Дзержинский взял свое одеяло, лег на койку, укрылся до подбородка.
– Вас как зовут?
– Казимеж.
– В чем обвиняют?
– Шьют нападение на склад с оружием.
– Улики есть?
– Нет. Выбивали.
– Если найдут хоть одного свидетеля - плохо будет. Держитесь, Казимеж, тут люди ловкие. Сидите первый раз?
– Да.
– Ловкие люди, - повторил Дзержинский.
– Ухо с ними держите востро.
– Теперь можно как угодно держать: наганы у нас, значит, и власть у нас будет.
– При чем здесь наган и власть?
– поморщился Дзержинский.
– Власть не наганом завоевывается.
– Словом?
– спросил Казимеж, вложив в это смысл усмешливый - улыбаться опасался, губа вспухла еще сильнее, покрылась коричневой, припеченной корочкой.

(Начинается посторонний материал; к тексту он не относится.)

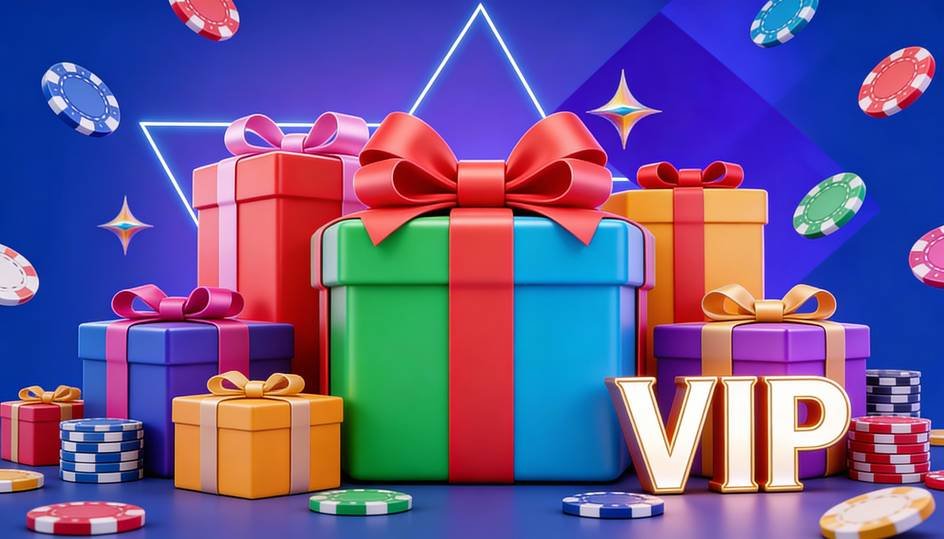 https://spinight-casinoca.com/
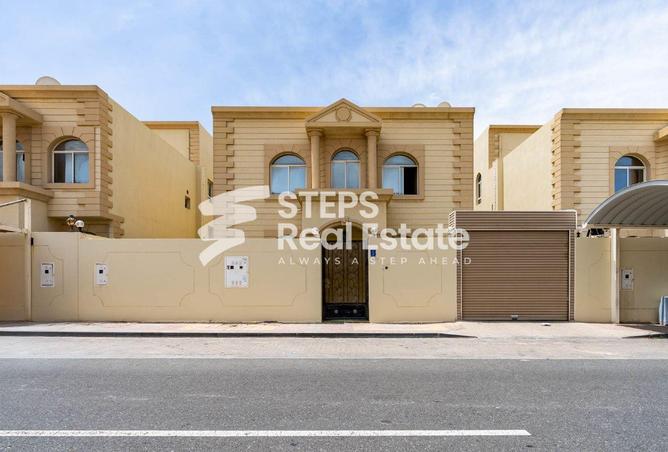 53958334 - Property Main Image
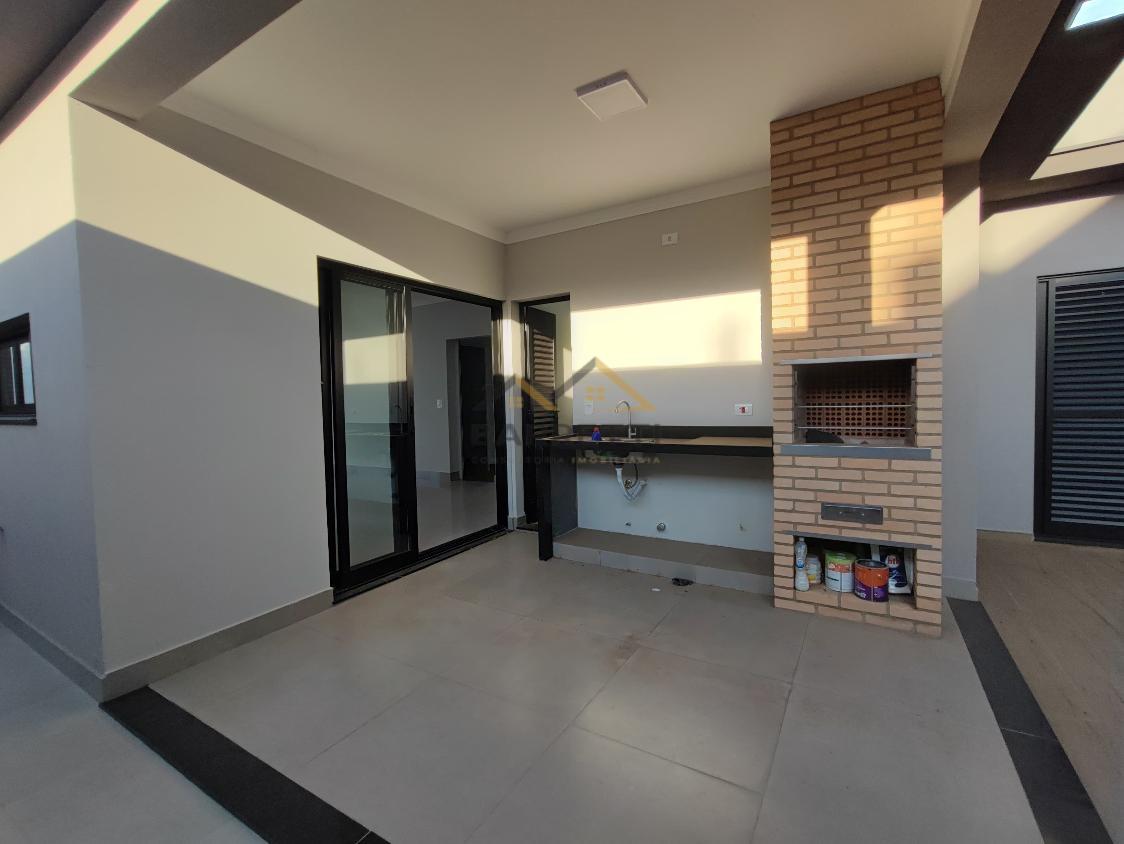 Casa de Condomínio, 3 quartos - Foto 21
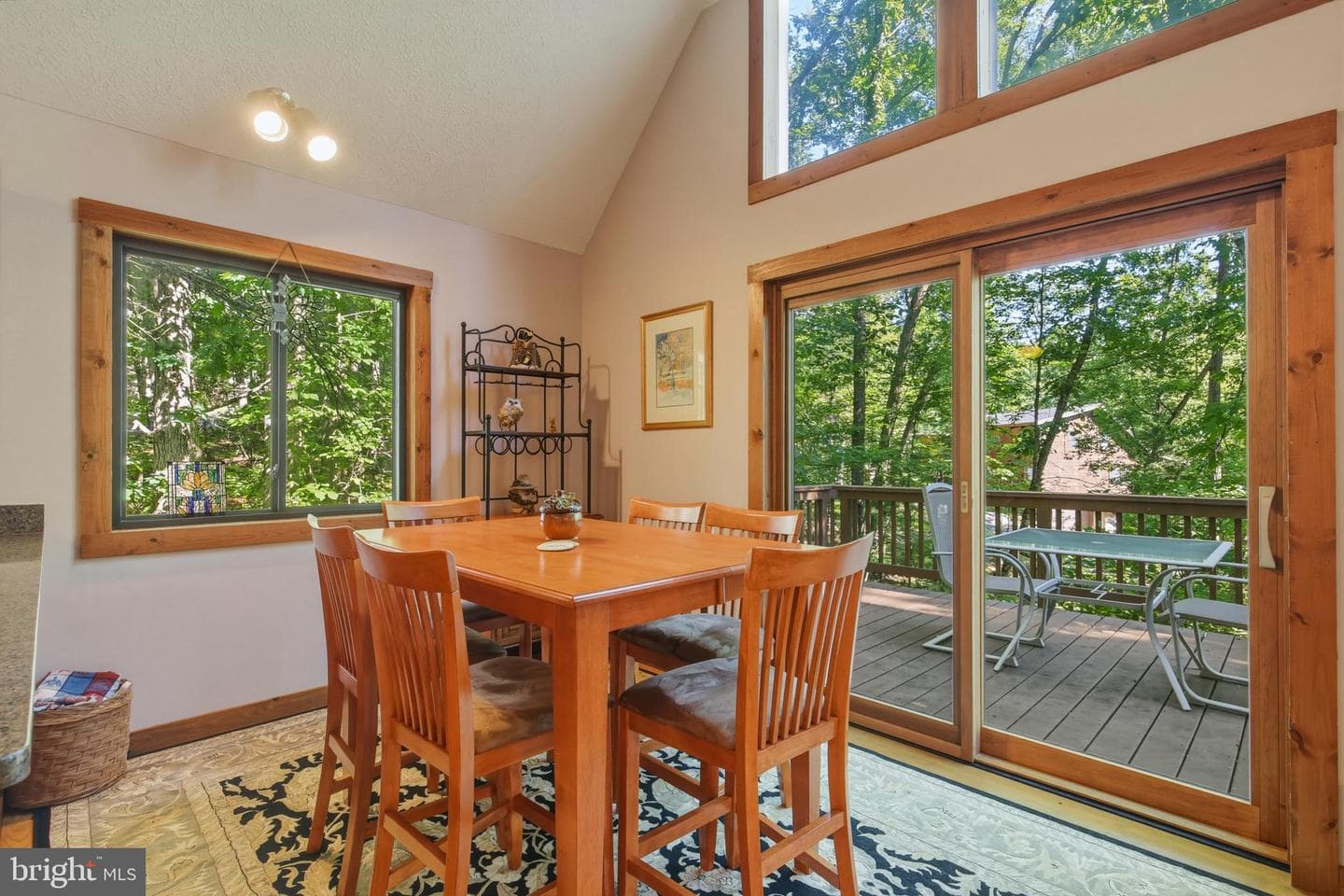 309 Locust Lane photo 18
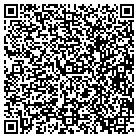 QR code with Lewis Michael O MBA CPA contacts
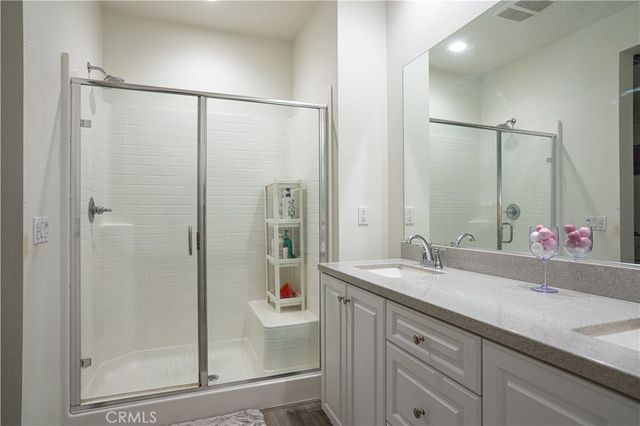 4100 S Bodega Way 20, Ontario, CA 91761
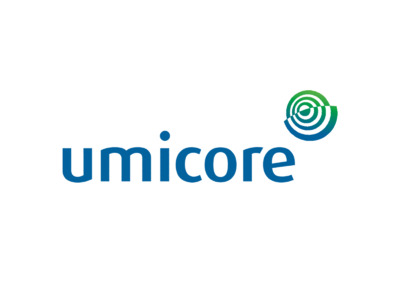 umicore-logo.jpg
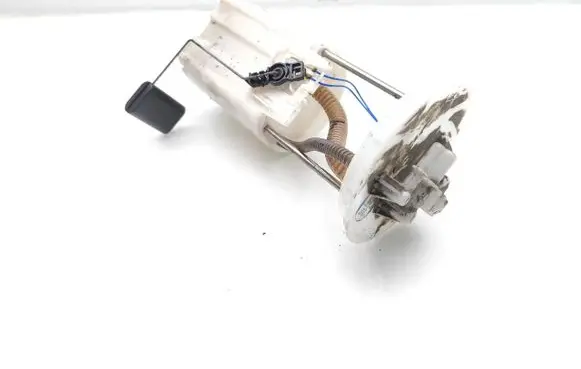 Isuzu D-Max In-tank fuel pump 28256122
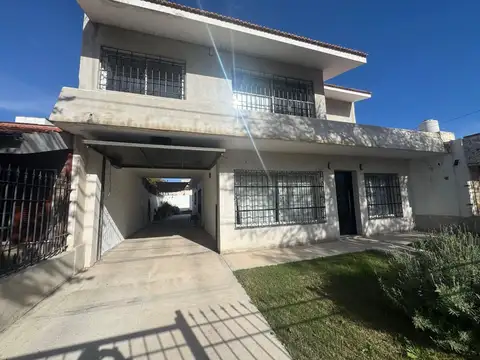 Casa en Venta en Córdoba, Capital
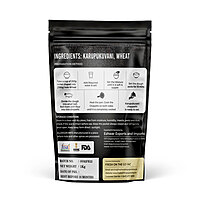 S V Homemade Karupukavuni chappati mix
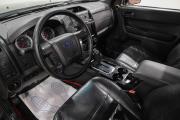Ford Escape II Новокузнецк  - изображение 47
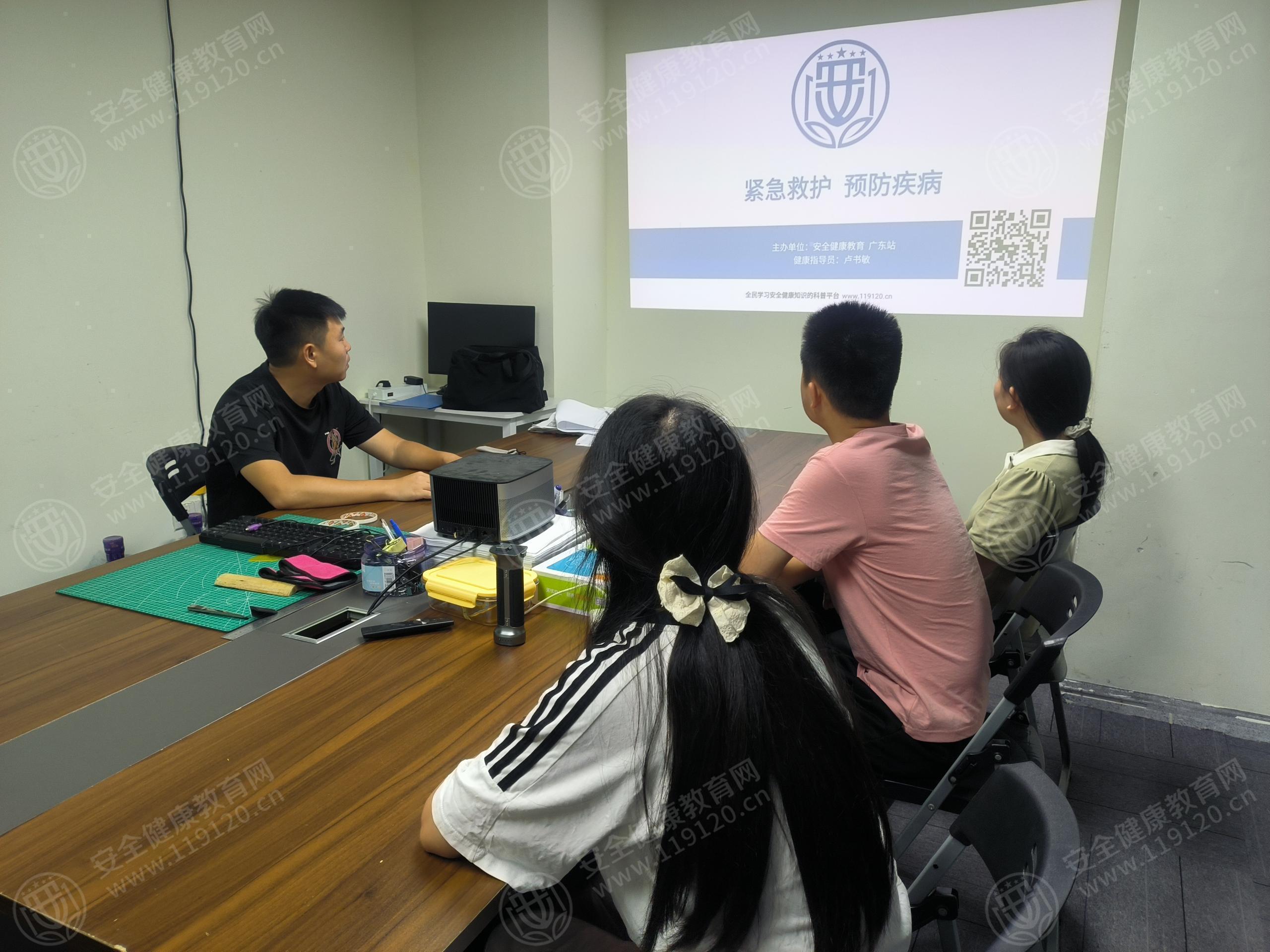 文中圖片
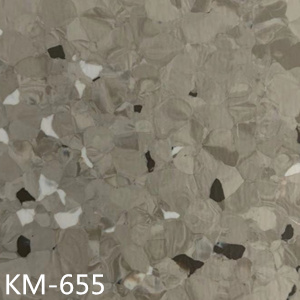 卡曼國(guó)際-卡曼嘉得同質(zhì)透心卷材地板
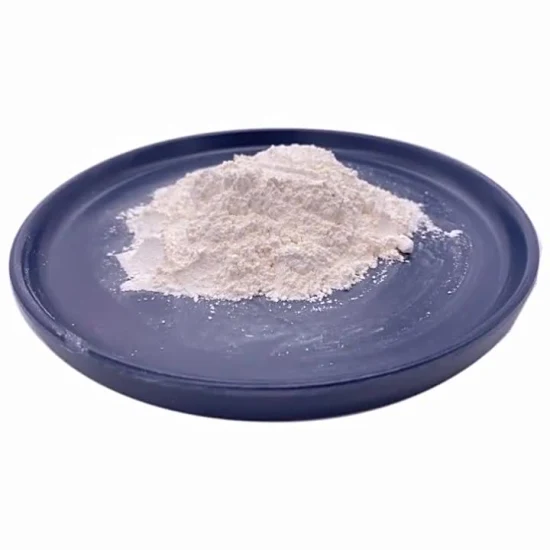PVC 폼 Ca Zn Ca/Zn Ca-Zn Cazn용 친환경 칼슘 아연 안정제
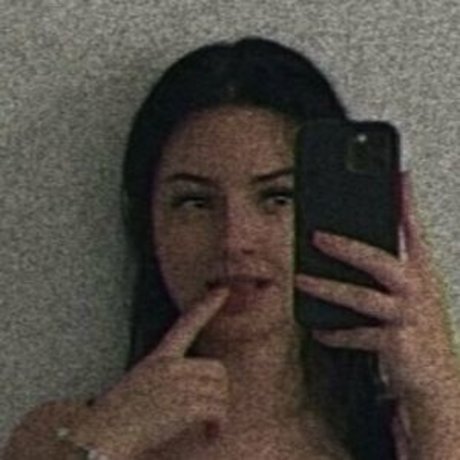 pointy tits onlyfans free images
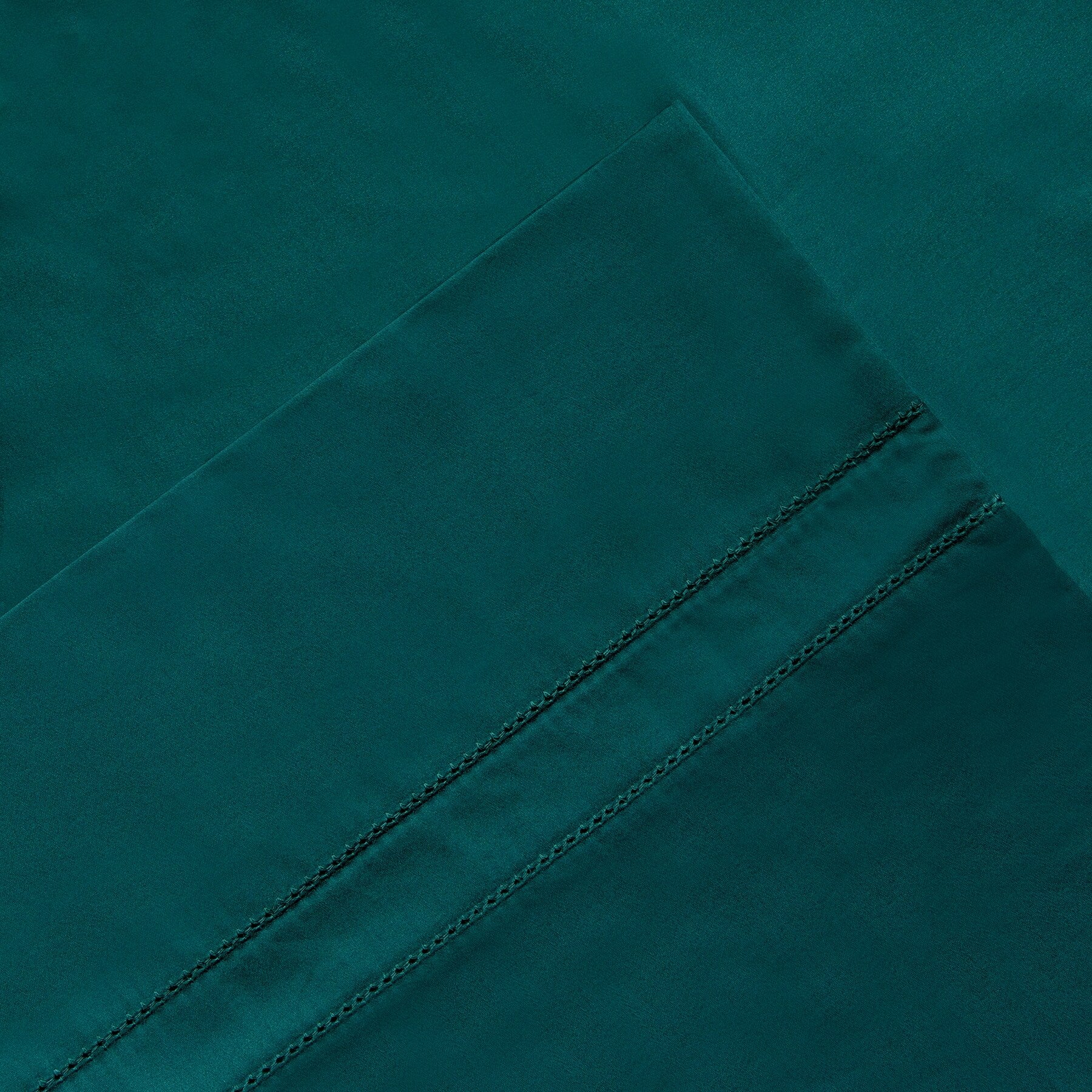 Pointehaven Deep Pocket 620 Thread Count Long Staple Cotton Sheet Set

– Наганом власть следует защищать, наганом и винтовкой, но считать, что лишь оружие даст власть, - наивно. К революции общество идет сложной дорогой, а в подоплеке - разность экономических интересов, как ни крути. Ну, есть у вас наганы, ну а дальше? Власть, если потребуется, выдвинет на улицу орудия. Тогда что? Если солдат не дернет за шнур, если он понимает, что стреляет в братьев, - тогда победа, а коли - нет? Если он знает, что есть заговорщики, которые бомбы кидают? Тогда как? Зачем вам тогда наганы? В казаки-разбойники играть?
– Вы меня что, распропагандировать хотите? Обратить в лоно социал-демократии?
– Сами придете в наше лоно, - убежденно ответил Дзержинский.
– Сами, Казимеж.
Он ошибался: той же ночью Казимежа повесили во дворе тюрьмы; двое его подельцев не выдержали пыток, назвали имена, явки, пароли. Умер Казимеж гордо, пел "Червоный Штандар".
Дзержинский, слушая голос его, кусал пальцы, чтобы не так обжигающа была боль: Казимежу накануне исполнилось двадцать лет, почти столько, сколько было самому Дзержинскому, когда он первый раз попал в каземат.